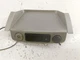 08-12 FORD ESCAPE CENTER DASH TRACTION SWITCH AUX INPUT PANEL OEM USED 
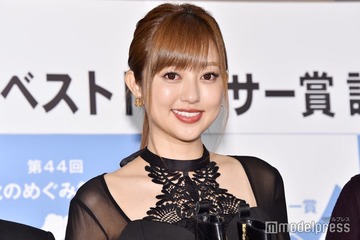 菊地亜美、手料理大量公開「品数多くてすごい」「盛り付けも綺麗」の声 画像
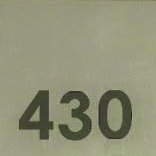 CristOcOsmique's profile picture. 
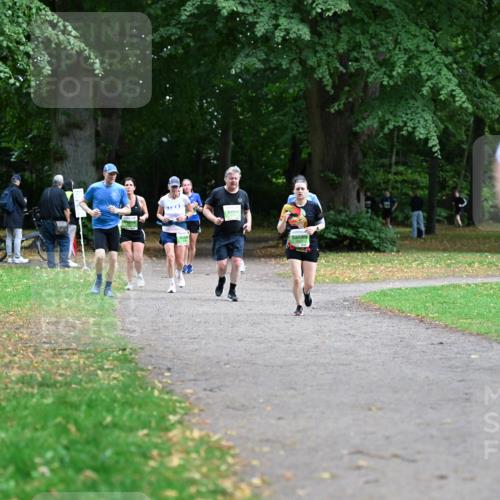30.08.2026 - Blankeneser Heldenlauf Dr. Thomas Lammeyer http://msf.ph/oto/10022511 30.08.2026 10:15:09 Laufen  meine-sportfotos.de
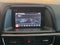 2016 Mazda Mazda CX-5 Sport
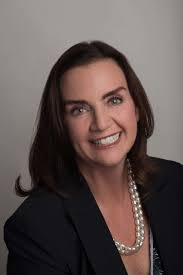 Leaving Room for God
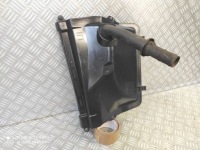 фото thumb №4, Жабо ліва злив renault trafic iii fiat talento 668634247r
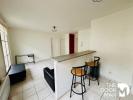 Acheter Appartement Rambouillet 194000 euros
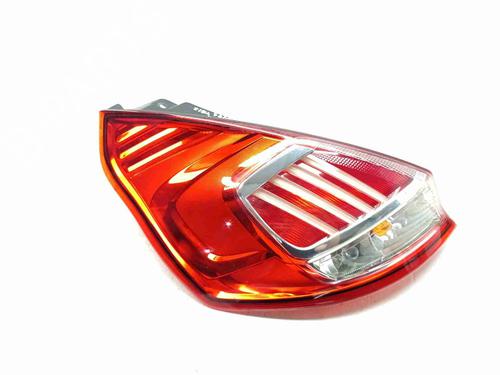 Used Left taillight Left taillight 36812386 36812386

Assigned task:
From the line containing "Acheter Appartement Rambouillet 194000 euros" through the last line of the entries, both included, print each line exactly and omit any picture.

Response area:
 Acheter Appartement Rambouillet 194000 euros
 Used Left taillight Left taillight 36812386 36812386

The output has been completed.